> _Assigned task_: What is needed is every line of the material that contains "fruits".

> _Input_:

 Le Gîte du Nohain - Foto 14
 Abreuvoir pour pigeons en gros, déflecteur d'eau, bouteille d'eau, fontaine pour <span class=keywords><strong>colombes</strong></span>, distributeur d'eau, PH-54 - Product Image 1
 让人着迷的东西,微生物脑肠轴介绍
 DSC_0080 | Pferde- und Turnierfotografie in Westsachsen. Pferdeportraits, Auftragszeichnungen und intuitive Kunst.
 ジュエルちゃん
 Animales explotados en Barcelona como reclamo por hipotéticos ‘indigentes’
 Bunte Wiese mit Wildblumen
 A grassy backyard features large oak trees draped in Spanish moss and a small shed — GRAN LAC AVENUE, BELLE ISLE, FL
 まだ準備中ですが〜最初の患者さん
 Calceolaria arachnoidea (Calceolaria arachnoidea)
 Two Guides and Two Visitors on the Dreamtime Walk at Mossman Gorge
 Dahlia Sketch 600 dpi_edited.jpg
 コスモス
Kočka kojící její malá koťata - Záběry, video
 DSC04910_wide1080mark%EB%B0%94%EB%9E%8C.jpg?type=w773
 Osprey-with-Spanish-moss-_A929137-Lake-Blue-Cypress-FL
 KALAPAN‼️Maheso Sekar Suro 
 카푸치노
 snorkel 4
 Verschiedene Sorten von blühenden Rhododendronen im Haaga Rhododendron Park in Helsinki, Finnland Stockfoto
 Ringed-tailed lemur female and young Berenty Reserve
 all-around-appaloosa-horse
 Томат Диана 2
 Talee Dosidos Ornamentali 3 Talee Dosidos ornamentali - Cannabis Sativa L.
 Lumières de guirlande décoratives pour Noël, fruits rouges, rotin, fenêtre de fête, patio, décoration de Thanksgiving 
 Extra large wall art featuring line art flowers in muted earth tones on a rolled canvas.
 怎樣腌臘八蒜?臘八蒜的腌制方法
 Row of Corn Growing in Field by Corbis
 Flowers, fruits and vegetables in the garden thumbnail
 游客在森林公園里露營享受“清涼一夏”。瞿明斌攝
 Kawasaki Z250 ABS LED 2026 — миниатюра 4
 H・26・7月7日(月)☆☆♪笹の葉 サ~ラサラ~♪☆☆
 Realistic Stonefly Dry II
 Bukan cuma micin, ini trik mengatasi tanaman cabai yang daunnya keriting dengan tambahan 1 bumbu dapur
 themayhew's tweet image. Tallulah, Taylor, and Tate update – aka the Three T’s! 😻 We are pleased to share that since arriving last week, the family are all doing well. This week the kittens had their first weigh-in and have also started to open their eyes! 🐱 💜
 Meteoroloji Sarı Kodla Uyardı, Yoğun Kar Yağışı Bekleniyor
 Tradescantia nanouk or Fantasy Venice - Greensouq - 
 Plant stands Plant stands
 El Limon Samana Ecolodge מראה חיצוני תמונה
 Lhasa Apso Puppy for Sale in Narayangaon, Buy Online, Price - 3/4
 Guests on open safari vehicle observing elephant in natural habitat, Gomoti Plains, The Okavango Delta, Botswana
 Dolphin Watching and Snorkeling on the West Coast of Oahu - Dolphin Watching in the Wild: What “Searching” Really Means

> _Final answer_:
 Lumières de guirlande décoratives pour Noël, fruits rouges, rotin, fenêtre de fête, patio, décoration de Thanksgiving 
 Flowers, fruits and vegetables in the garden thumbnail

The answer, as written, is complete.